Accostages

C’est plus qu’une habitude, une fidélité, GLOBALmagazine vient toujours à Ouessant pour le salon international du livre insulaire. Fidélité à la manifestation, à la littérature, aux écrivains, à l’île. Cette année, on baguenaude de « l’île inaccessible à l’île merveilleuse » en compagnie de deux grands invités, l’haïtien James Noël et le néozélandais Ian Borthwick.

Entre gymnase et salle polyvalente, les amoureux de la lecture explorent les chemins d’accostage au paradis insulaire se gardant modérément de l’écueil de l’enfer sans qui le merveilleux perdrait de son goût. Tels les récifs défendant l’approche de l’île, masques et gestes barrières imposent une navigation prudente sur l’océan éditorial. Du cabotage de samedi dans l’archipel des mots, retenons ce petit verbatim insularo-ilien-ilotant.

« Son accessibilité définit l’île » (Claire Darfeuille /Au vent des îles) et pour lui faire écho « l’identité se construit avec la mer alentour donc l’insularité c’est sans pont et sans tunnel » (Isabelle Le Bal, présidente du salon).
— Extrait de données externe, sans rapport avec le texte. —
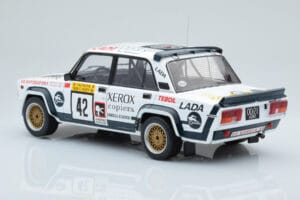 Lada 2105 VFTS #42 S. Brundza Rally 1000 Lakes 1984 IXO 1:18 18RMC146 Métal Moulé — image 5 sur 6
Le travail très pointu, très fin, des traducteurs « fait résonner des milliers de langues locales orales » dans les publications francophones du Pacifique Sud, encore faut-il prendre la parole telle Titaua Peu avec son « Mutismes » dont la parution a provoqué un mini-séisme dans la société polynésienne. « Naître à l’écriture » nous dit Nassuf Djailani « fait franchir des caps et la paternité en est un ». Le poète mahorais, dont l’île a accédé au statut de département français en 2011, s’étonne qu’il faille, pour être un bon français, « se réclamer d’une racine unique alors que l’on s’ajoute à l’intelligence des autres ». Que « Se couper de toutes nos racines pour entrer dans la religion de l’identité française c’est se couper de ce qui nous constitue », qu’épouser la nation française, passe par des valeurs, valeurs que l’on ne peut nier à d’autres ». Et de constater « plus on s’intègre en France, plus on s’ensauvage », appelant à la poésie comme « une résistance pour veiller l’humanité (…) Les poètes doivent réinvestir le langage, ne pas accepter la dégradation de la maison commune par les communicants vidant les mots de leur sens » . Fabrice Reymond de renchérir « De plus en plus d’origine, de moins en moins de devenir ».

Avec son « Dictionnaire amoureux des îles », Hervé Hamon témoigne que « les îles nous obligent à regarder la mer par en dessous » et rappelle l’humilité dont ne devrait jamais se départir les terriens « c’est la mer qui dessine la terre, qui décide de ce qu’elle nous autorise ». Et de rappeler le temps où « la Manche fut un désert de silice peuplé de rhinocéros bleus ». Et le salon accosta au merveilleux.

 

Brexit de James Noël, éditions Au diable veau vert

Au cœur de la fougère de Ian Borthwick, éditions Au vent des îles

Mutismes de Titaua Peu, éditions Au vent des îles

Kaïn, de Joël Simon,éditions Au vent des îles

Le roi absent de Moetai Brotherson, éditions Au vent des îles

Anabase n°7 de Fabrice Reymond, éditions Mix

Naître ici de Nassuf Djailani, éditions Bruno Doucey

Dictionnaire amoureux des îles de Hervé Hamon, éditions Plon

  Salon du livre insulaire, du 13 au 16 juillet 2021, entrée gratuite. Ouessant (Finistère) Liaison maritime à partir du Conquet avec la compagnie Penn ar Bed.